The Town of Frank Alberta, the day after the slide.

Efforts to resurrect the mine at first seemed to succeed, but the slide backed up the river and began to flood the mine. With the financial stress, H. L. Frank was dead by 1908. In 1909, Sam Gebo was indicted for filing false land claims with regard to acquisition of Wyoming mineral lands. By 1912, Gebo's company was in liquidation. Banks and other creditors, including the 1st National Bank of Thermopolis, the State Savings Bank of Butte, and the Meyers & Chapman State Bank, like so many prairie wolves, fought over Sam Gebo's financial carcass. In 1913, Gebo left the United States for Guatemala where he developed a marble quarry. After pleading guilty to the federal charges and paying a $1,500 fine, Sam Gebo returned to the United States.

On July 10, 1940, in Seattle, Washington, Sam Gebo apparently committed suicide using his gas kitchen oven. Five monthly later, his wife drowned. With an adverse geological report that the mountain might again walk, the town of Frank was essentially abandoned by 1917. One business, known as the "brick house," survived. The brick house was inhabited by damsels of the evening. It ultimately closed and became a target for graffiti. Apparently an embarrassment to the Dominion, it was razed in 1976 as a part of the centennial celebration of the formation of the Canadian Confederation.
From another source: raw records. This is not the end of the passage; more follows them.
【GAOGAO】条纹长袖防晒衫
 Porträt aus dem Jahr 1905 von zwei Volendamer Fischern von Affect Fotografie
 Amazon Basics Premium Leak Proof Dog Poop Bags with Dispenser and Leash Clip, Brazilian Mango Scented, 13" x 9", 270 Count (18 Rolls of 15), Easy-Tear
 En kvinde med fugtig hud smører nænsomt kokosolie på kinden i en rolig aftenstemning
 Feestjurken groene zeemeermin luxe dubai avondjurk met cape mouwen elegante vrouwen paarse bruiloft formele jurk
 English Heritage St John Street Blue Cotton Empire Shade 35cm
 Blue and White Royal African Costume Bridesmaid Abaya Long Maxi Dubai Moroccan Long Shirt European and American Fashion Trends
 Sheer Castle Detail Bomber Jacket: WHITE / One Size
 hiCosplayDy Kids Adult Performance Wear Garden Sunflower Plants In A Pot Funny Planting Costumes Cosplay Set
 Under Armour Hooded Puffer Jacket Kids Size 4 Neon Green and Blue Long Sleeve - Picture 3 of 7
The Town of Gebo,Wyoming, continued to be operated by the Owl Creek Coal Company and became the largest town in Hot Springs County, even exceeding Thermopolis in population. Gebo at its peak attained a population of over 2,000. The town had a pool hall, school, bank, boarding houses, a town band, and outside of town another facility for lonely miners. The pool hall, however, was a little rough. In 1931, two Serbian miners got into an argument, resulting in the death of one from lead poisoning. The language used in the pool hall was so bad that the district judge, Edgar H. Fourt, would not permit it to be translated from Serbian into English, it being "the vilest stuff that can be used in the slums of America or Europe." Justice Blume of the Wyoming Supreme Court found the language also to be "extremely vile" and declined to set it out.

Gebo Town Band, undated

The adjacent town of Kirby and the Kirby Coal Company which operated the Crosby Mine took their names from Kirby Creek. The creek, in turn, took its name from an early Texas cowboy who settled along the creek about 1878. The Kirby mines closed about 1933 after a fire in the Crosby mine.